Bremen/Köln - "Zwei Drittel aller Kündigungen sind betriebsbedingt", sagt Wolfgang Däubler. "Und mehr als die Hälfte aller Klagen vor Arbeitsgerichten sind Kündigungsschutzklagen", erklärt der Arbeitsrechtler von der Universität Bremen. Die Sozialauswahl ist deshalb kein Pipifax. "Sie korrekt durchzuführen, ist umso schwieriger, je größer der Kreis ist, aus dem die Auswahl getroffen werden muss." Das zu versuchen, ist die Aufgabe des Arbeitgebers.

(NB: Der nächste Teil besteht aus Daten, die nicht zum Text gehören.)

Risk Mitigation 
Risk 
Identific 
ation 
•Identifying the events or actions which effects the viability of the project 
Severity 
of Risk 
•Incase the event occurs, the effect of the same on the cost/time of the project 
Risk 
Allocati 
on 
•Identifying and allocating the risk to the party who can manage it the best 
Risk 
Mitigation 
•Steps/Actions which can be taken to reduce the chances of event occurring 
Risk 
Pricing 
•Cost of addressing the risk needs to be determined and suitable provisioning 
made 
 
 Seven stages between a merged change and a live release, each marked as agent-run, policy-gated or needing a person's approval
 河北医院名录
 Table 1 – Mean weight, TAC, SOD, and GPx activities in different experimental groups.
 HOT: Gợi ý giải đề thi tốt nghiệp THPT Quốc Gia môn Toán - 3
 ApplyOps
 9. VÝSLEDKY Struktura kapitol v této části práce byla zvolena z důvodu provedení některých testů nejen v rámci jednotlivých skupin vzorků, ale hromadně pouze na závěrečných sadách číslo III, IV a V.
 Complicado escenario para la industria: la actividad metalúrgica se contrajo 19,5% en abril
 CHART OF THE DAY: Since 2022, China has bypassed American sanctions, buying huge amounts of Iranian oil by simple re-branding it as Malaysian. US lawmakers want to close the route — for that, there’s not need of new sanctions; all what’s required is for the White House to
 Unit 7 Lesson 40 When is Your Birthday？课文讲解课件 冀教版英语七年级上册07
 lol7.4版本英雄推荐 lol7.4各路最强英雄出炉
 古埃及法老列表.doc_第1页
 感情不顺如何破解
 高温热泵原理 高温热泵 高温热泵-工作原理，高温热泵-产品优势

"Die Sozialauswahl dient dazu, diejenigen zu ermitteln, die sozial am meisten schutzbedürftig sind", erklärt Nathalie Oberthür, Fachanwältin für Arbeitsrecht in Köln. Dabei werden vier Kriterien überprüft: Alter, Dauer der Betriebszugehörigkeit, Unterhaltspflichten beispielsweise für Kinder und eine mögliche Behinderung. "Diese vier Kriterien sind Pflicht, der Arbeitgeber darf nicht einfach eines davon auslassen", sagt Oberthür.
"In der Regel wird die Sozialauswahl so gestaltet, dass es für alle akzeptabel ist", ergänzt Martina Perreng, Juristin beim Deutschen Gewerkschaftsbund (DGB) in Berlin. "Voraussetzung dafür ist, dass sie plausibel ist." Gesetzlich festgelegt sind die Regeln für die Sozialauswahl nicht. "Die Rechtsprechung verlangt aber, dass die Gewichtung der einzelnen Gesichtspunkte ausgewogen sein muss." Gewichten darf und muss der Arbeitgeber: "Es gibt kein festes Schema, das bestimmt, wie viel Betriebszugehörigkeit zählt oder wie viel das Alter des Arbeitnehmers."
Mit Rücksicht auf die Situation des Betriebs kann der Arbeitgeber etwa der Berufserfahrung mehr oder weniger Bedeutung beimessen. "Er muss das auch nicht öffentlich machen. Aber falls es zu einer arbeitsrechtlichen Auseinandersetzung kommt, muss er vor Gericht begründen, warum er sich so entschieden hat", erläutert Perreng. "In einem Klageverfahren hat der Arbeitnehmer Anspruch darauf."